* _What this task involves_
An exact copy of the entries is required, excluding any pictures.

* _Material provided_
▬▬▬▬▬▬

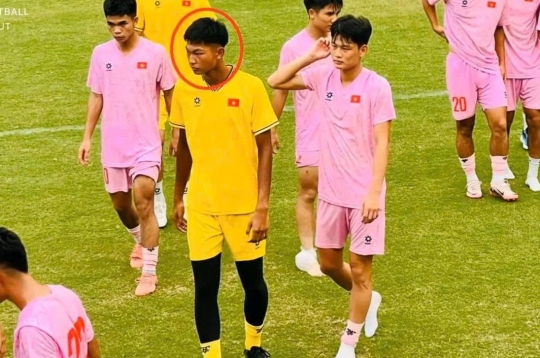 Sinh viên Nhật Bản bất ngờ được gọi lên tuyển Việt Nam
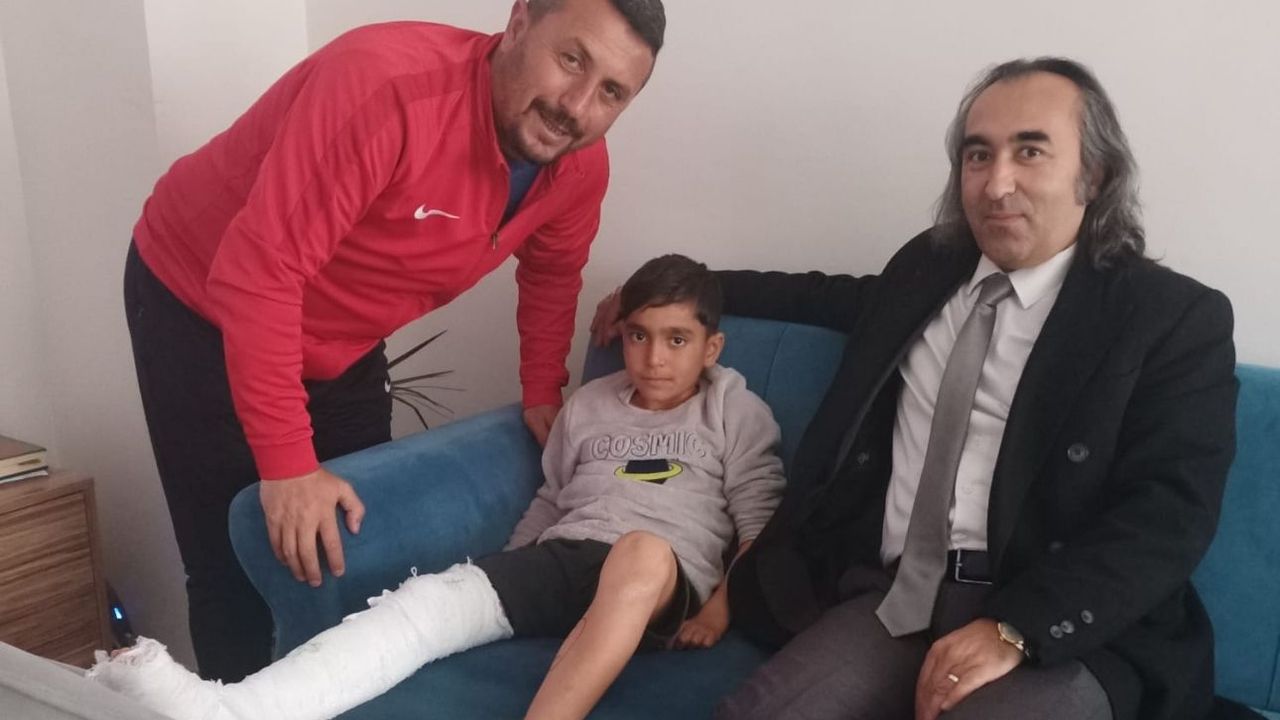 Başarılı oyuncuya geçmiş olsun ziyareti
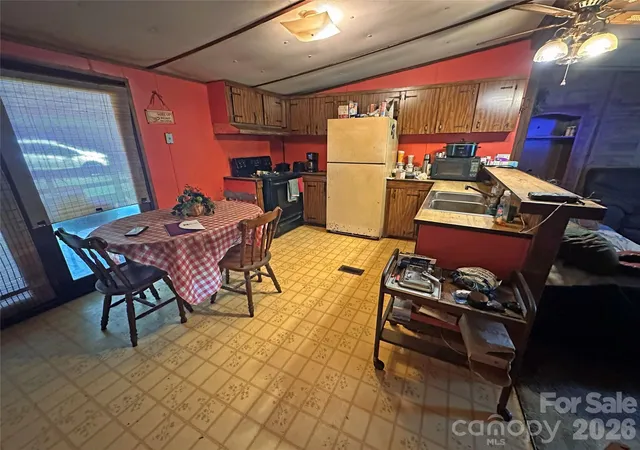 Photo 4 of Sale Pending at 1330 Rosehill Dr, Lincolnton, NC 28092 | MLS# 4408631 | Listing updated on 2026-08-07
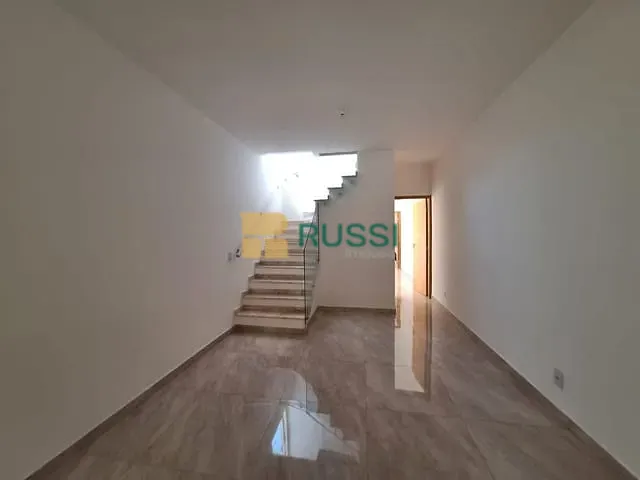 Casa com 180m² 3 quartos e 2 banheiros, à venda, no bairro Jardim das Indústrias em São José dos Campos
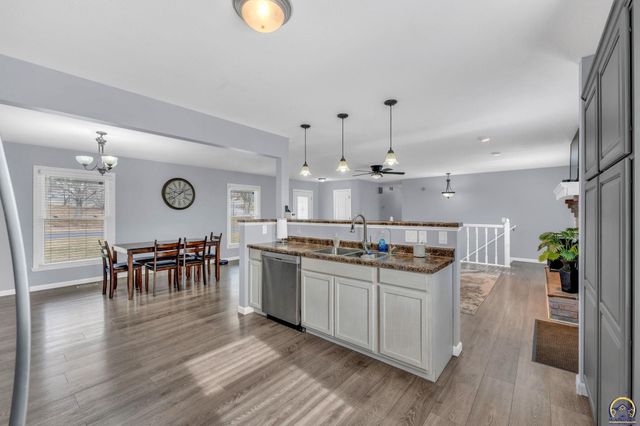 2205 NW Kendall DR, Topeka, KS 66618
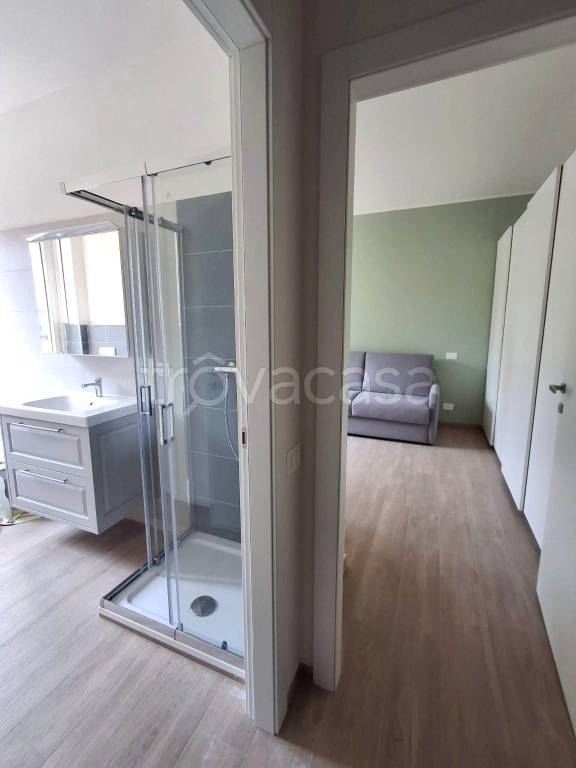 appartamento in affitto a Milano in zona Lorenteggio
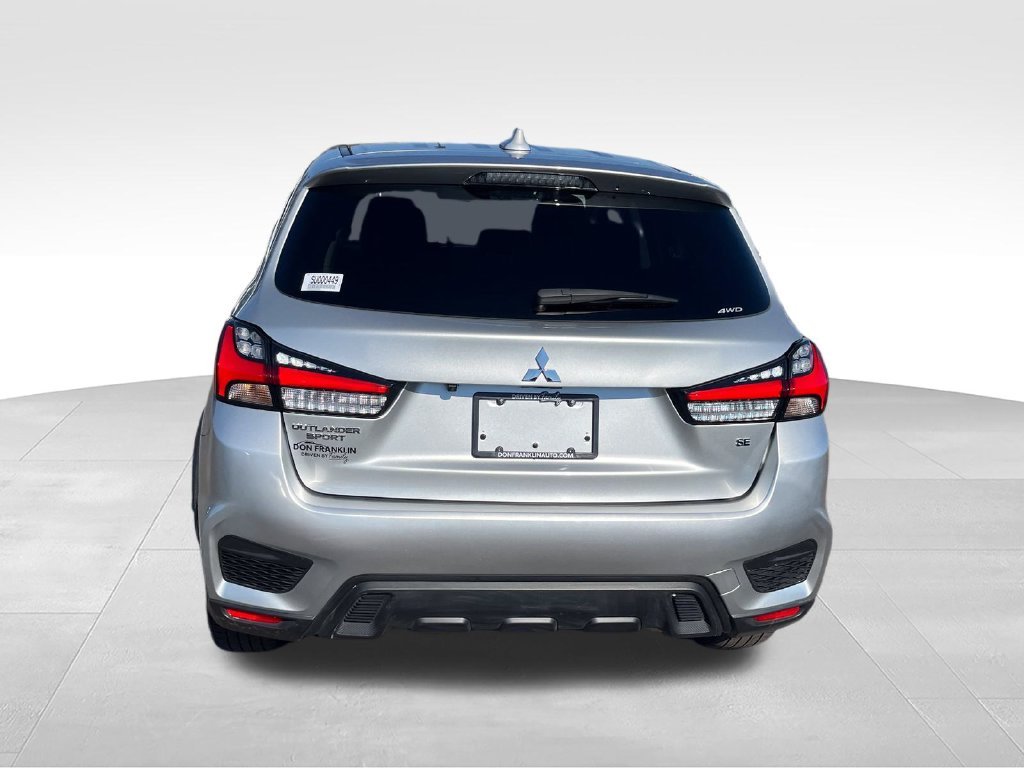 Used 2025 Silver Mitsubishi  image 4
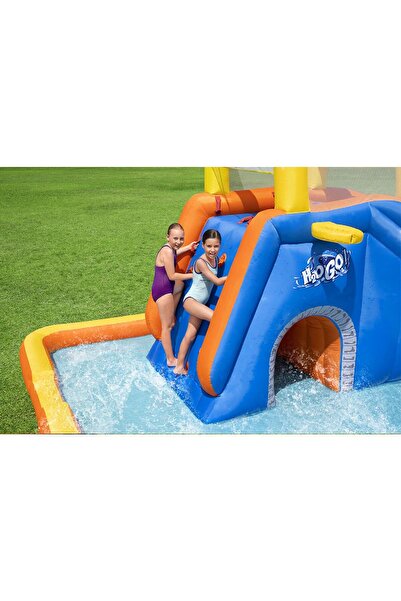 Oyuncakmatik Mega Oyun Su Parkı Kaydırak ve Fiskiye Çocuk Şişme Oyun Havuz Parkı 551 x 502 x 265 cm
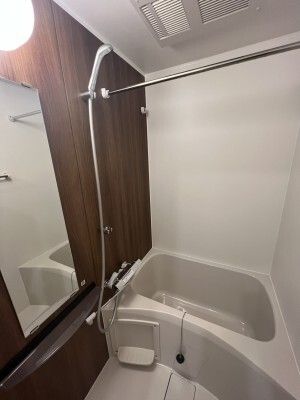 バス・シャワールーム　※他号室参考画像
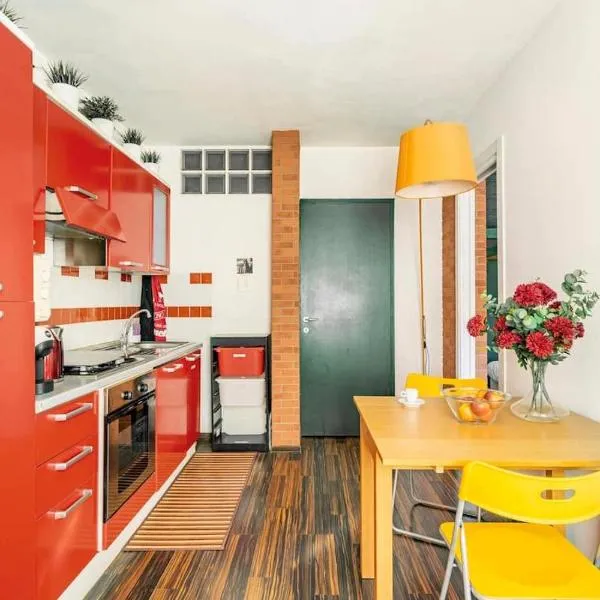 Lovely Apartment Navigli, hotel en Milán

▬▬▬▬▬▬

* _Your solution_
 Sinh viên Nhật Bản bất ngờ được gọi lên tuyển Việt Nam
 Başarılı oyuncuya geçmiş olsun ziyareti
 Photo 4 of Sale Pending at 1330 Rosehill Dr, Lincolnton, NC 28092 | MLS# 4408631 | Listing updated on 2026-08-07
 Casa com 180m² 3 quartos e 2 banheiros, à venda, no bairro Jardim das Indústrias em São José dos Campos
 2205 NW Kendall DR, Topeka, KS 66618
 appartamento in affitto a Milano in zona Lorenteggio
 Used 2025 Silver Mitsubishi  image 4
 Oyuncakmatik Mega Oyun Su Parkı Kaydırak ve Fiskiye Çocuk Şişme Oyun Havuz Parkı 551 x 502 x 265 cm
 バス・シャワールーム　※他号室参考画像
 Lovely Apartment Navigli, hotel en Milán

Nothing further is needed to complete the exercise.